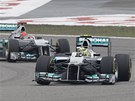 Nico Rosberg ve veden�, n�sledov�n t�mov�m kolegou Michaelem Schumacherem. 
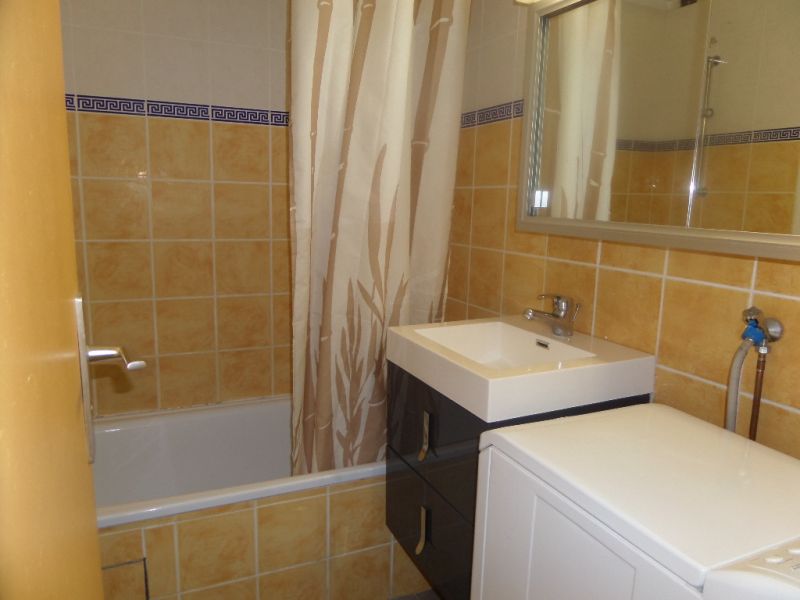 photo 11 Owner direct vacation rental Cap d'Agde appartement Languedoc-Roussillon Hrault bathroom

...

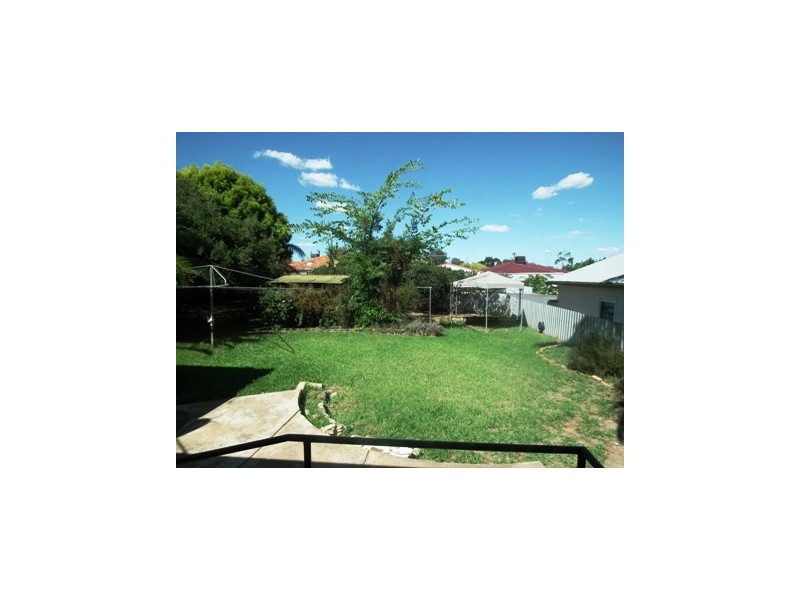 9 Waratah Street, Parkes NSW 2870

* * *

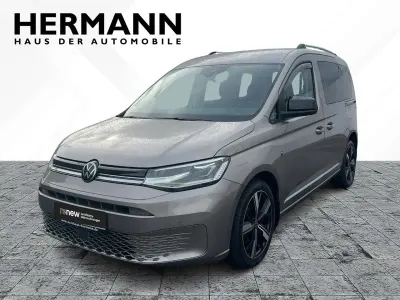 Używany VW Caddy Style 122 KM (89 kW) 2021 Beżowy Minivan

**EXERCISE DETAILS:**
Taking the material above, give again exactly the lines from the one holding "Nico Rosberg ve" through the one holding "photo 11 Owner", with both ends and without pictures.

**EXERCISE OUTPUT:**
 Nico Rosberg ve veden�, n�sledov�n t�mov�m kolegou Michaelem Schumacherem. 
 photo 11 Owner direct vacation rental Cap d'Agde appartement Languedoc-Roussillon Hrault bathroom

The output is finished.